(The author is a Reuters Breakingviews columnist. The opinions expressed are his own.)
By George Hay
LONDON, Feb 19 (Reuters Breakingviews) - The UK government is toying with the idea of giving away its RBS shares (RBS.L) to the public. It should consider the law of unintended consequences. A putative investor sets out what could go wrong in this unhappy letter to the bank’s chairman, after throwing in the towel in 2015.
To: Philip Hampton, RBS chairman
From: Ivor Major-Bank
Sent: Apr. 1, 2015
Dear Mr Hampton,
I realise this will come as something of a blow to you, but after eight years and no end of self-recrimination, I feel I must finally sell my Royal Bank of Scotland shares.
As an increasingly embittered holder of RBS stock since Aug. 8, 2007, there have been precious few highs and a great deal of lows. My total return of minus-92.5 percent is somewhat disappointing. But that’s not why I’m selling out now. Oh no.

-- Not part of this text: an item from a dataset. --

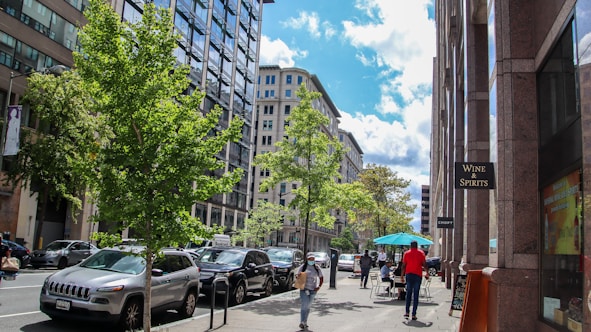 a group of people walking down a street next to tall buildings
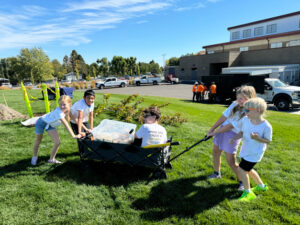 Students with the Kids for Urban Trees club get ready to plant trees at Tapteal Elementary School in West Richland. (Credit: Courtney Flatt / NWPB)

The real reason is your free share giveaway when the government decided to get rid of its 81 percent stake in 2013. All my fellow countrymen got shares, and the number of RBS shareholders went from 214,369 to just over 43 million.
At first, I thought nothing would change. Everyone fretted that the vast majority of RBS shares would be controlled by a group of disengaged puddings, but not me. We’d already had five years of that with UK Financial Investments.
In fact, things went downhill alarmingly quickly. The first annual general meeting after the giveaway was a complete disaster. I had become accustomed to my yearly trip up to the comparatively homely Edinburgh International Conference Centre, but instead I had to sit with 90,000 of my new investor colleagues in Wembley Stadium. I felt for you as you tried to manage the live video link-up with Old Trafford, Murrayfield and various other national sports venues stuffed with irate shareholders, while the entire West Stand chanted: “You’re ex-growth, and you know you are”. But I lost patience when it came to the questions. They went on for three days.
This year’s AGM was barely any better. After last year’s debacle, letting everyone re-elect directors remotely from home was probably the right move. It was unfortunate, then, that so many shareholders misinterpreted the rules and thought they had to vote at least one director off, like on X Factor. Poor old Tony Di Iorio never stood a chance.
The final straw came with the text message harassment. I thought PPI ambulance-chasers were bad. Now I get at least 40 texts a day from an offshore phone number informing me that millions of people in the Far East want to buy my shares. Until recently, it didn’t seem worth it for just a few hundred quid. But now I’m surrounded by Chinese sovereign wealth funds that have managed to amass a 50 percent stake by buying at a tenth of book value. We might have got more money if we’d just sold them the stake in the first place.
I don’t blame you or poor Stephen Hester, now entering his eighth year as chief executive without a bonus. But I’ve had it up to here with UK banks. That’s why as of today I’m switching into Monte dei Paschi di Siena. Its shareholder register is, I hear, getting smaller by the minute.